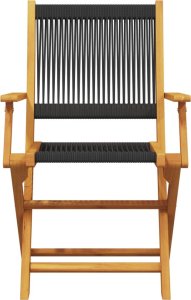 vidaXL vidaXL Składane krzesła ogrodowe, 6 szt., czarne, lite drewno akacjowe 4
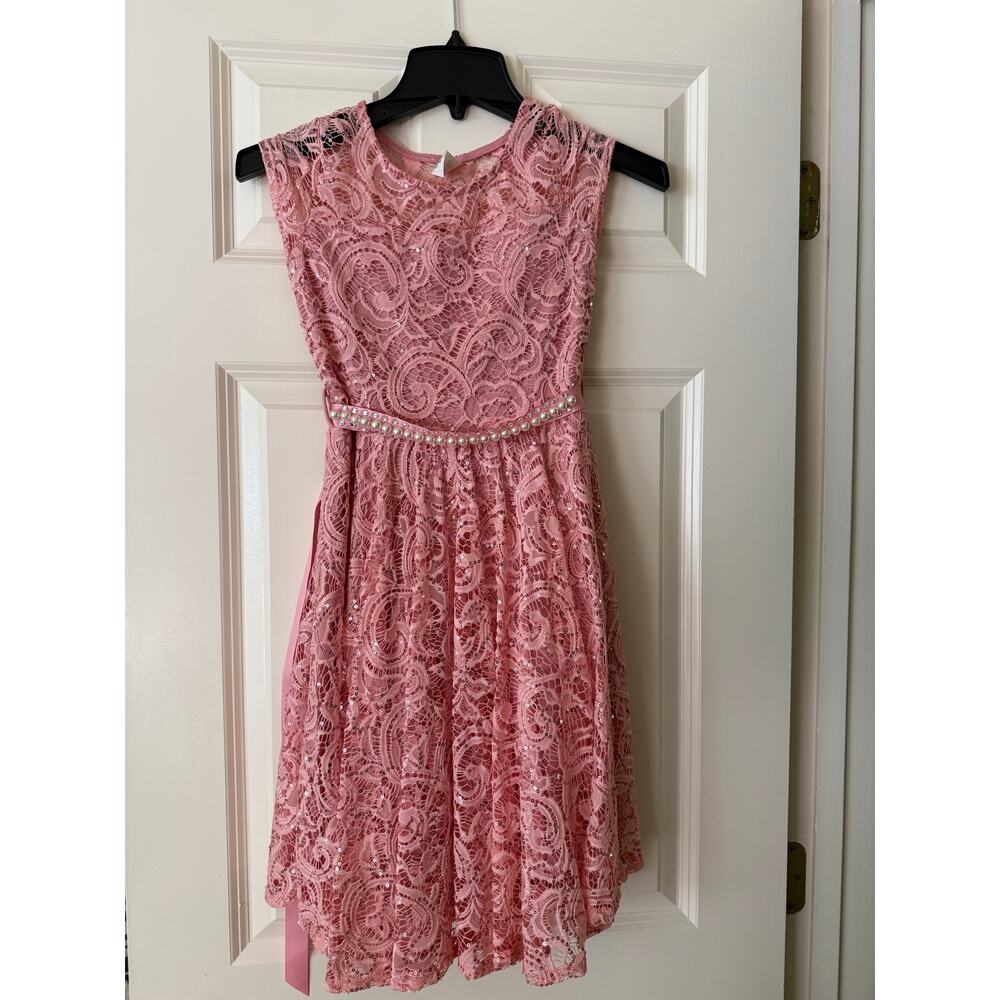 Just Kids Charming Girls Pink Lace Dress Size 10 - Stylish & Comfortable Tulle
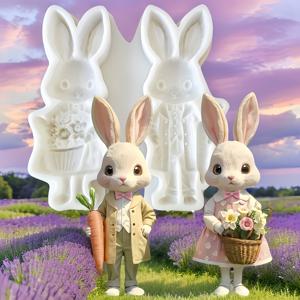 TEMU 1pc, 두 귀여운 토끼 크리에이티브 모양 케이크 모양, 초콜릿 무스 케이크 모양, 케이크 장식 액세서리, 베이킹 모양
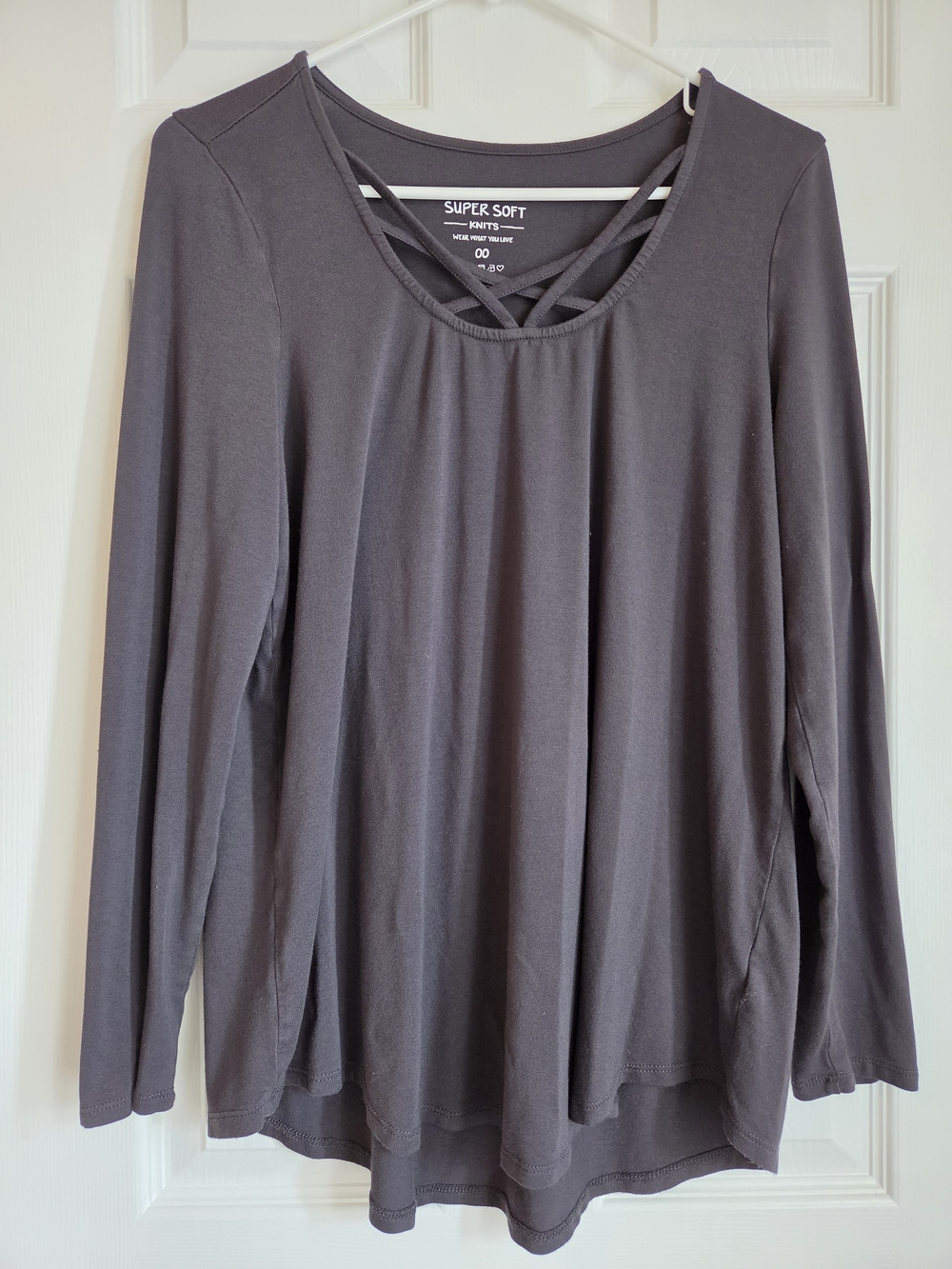 Torrid Super Soft Black Strappy Long Sleeve Top Plus Size 00 NWOT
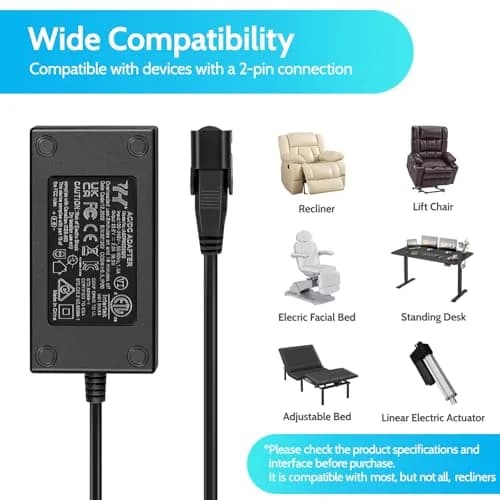 Sopito Power Recliner Power Supply 29V 58W | Universal 2-Pin AC/DC Adapter for Recliner Chairs thumbnail 2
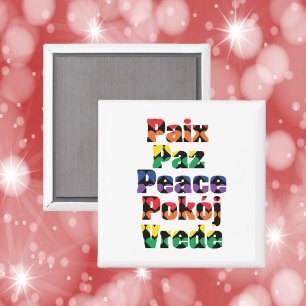Peace Rainbow Hearts Mönster Magnet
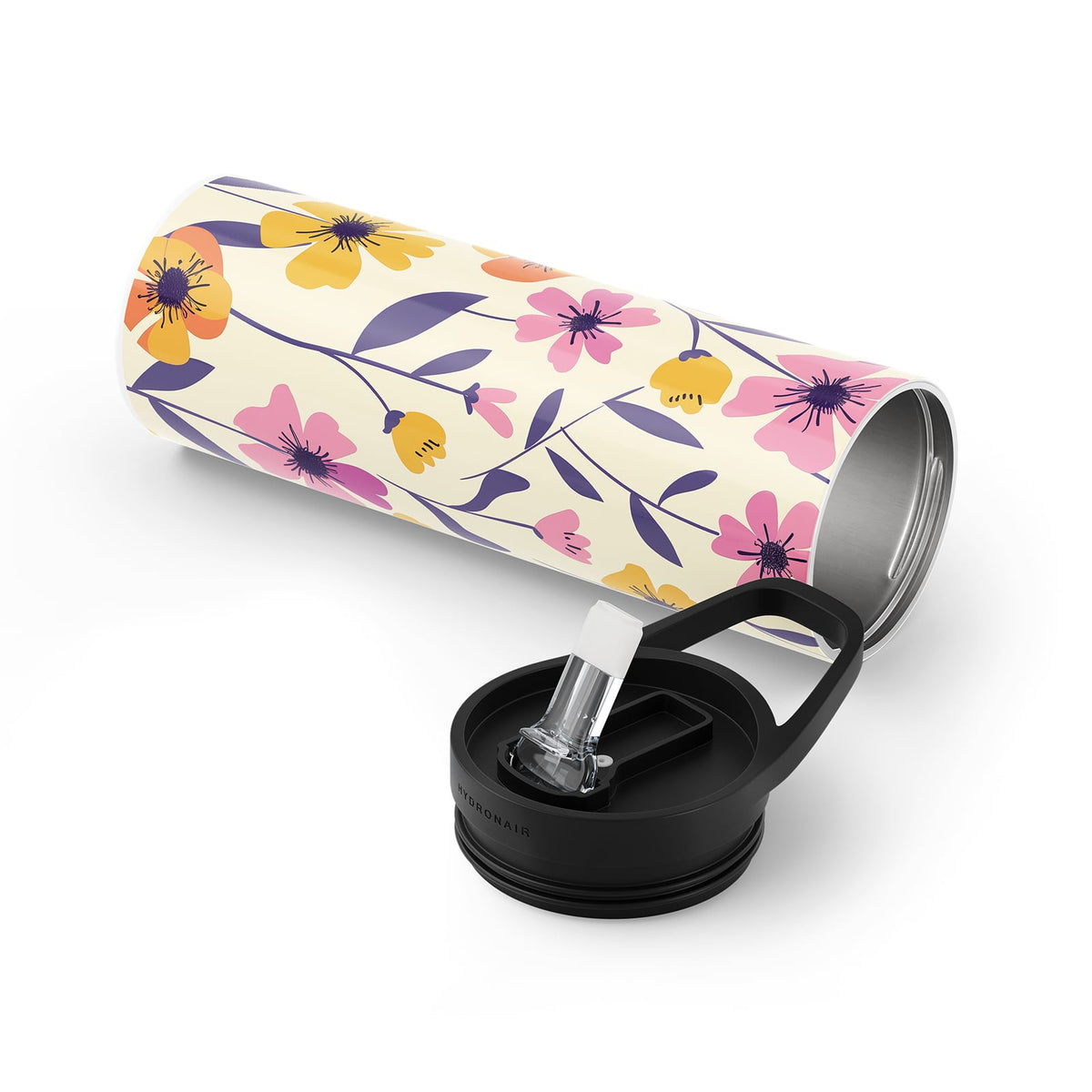 Yellow Floral 560ml Bottle By Hydronair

# [ASSIGNED TASK]
Could you reproduce exactly the lines from the one containing "Peace Rainbow Hearts Mönster Magnet" through the last line of the records, both included, leaving out the pictures?

# [WRITTEN RESPONSE]
Peace Rainbow Hearts Mönster Magnet
 Yellow Floral 560ml Bottle By Hydronair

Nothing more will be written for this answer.